**DATA SHOWN:**
◇ ◇ ◇ ◇
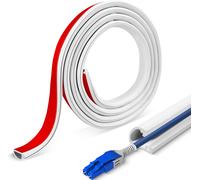 Canalina Passacavi Adesiva, Mini Canalizzazione per Cavi in PVC Morbido, Passaca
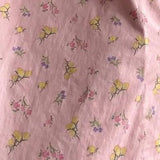 Floral Print Dress Sweet Square Neck Puff Sleeve Side Spilt Drawstring Maxi Dresses for Women Party Chic Casual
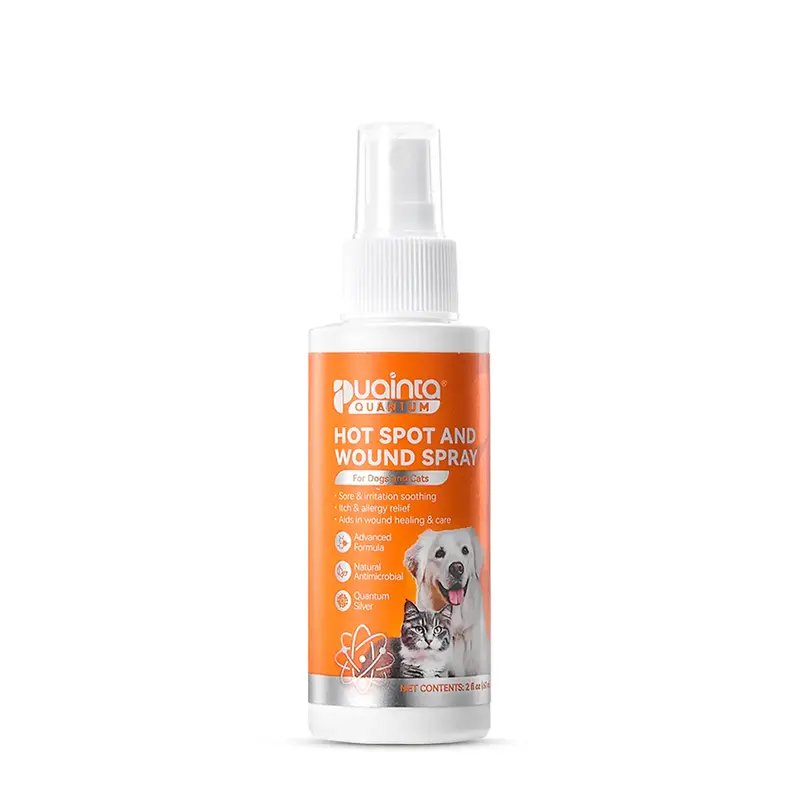 Puainta Quantum Silver Skin Sprays for Dogs and Cats - nature soothing spray, clean & soften, reduce itchy scratching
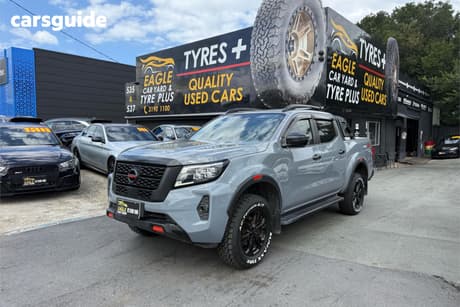 Black 2021 Nissan Navara Dual Cab Pick-up Pro-4X (4X4) With Canopy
◇ ◇ ◇ ◇
**REQUIRED ACTION:** An exact copy of the listing is required; return it without any pictures.

**WRITTEN ANSWER:**
 Canalina Passacavi Adesiva, Mini Canalizzazione per Cavi in PVC Morbido, Passaca
 Floral Print Dress Sweet Square Neck Puff Sleeve Side Spilt Drawstring Maxi Dresses for Women Party Chic Casual
 Puainta Quantum Silver Skin Sprays for Dogs and Cats - nature soothing spray, clean & soften, reduce itchy scratching
 Black 2021 Nissan Navara Dual Cab Pick-up Pro-4X (4X4) With Canopy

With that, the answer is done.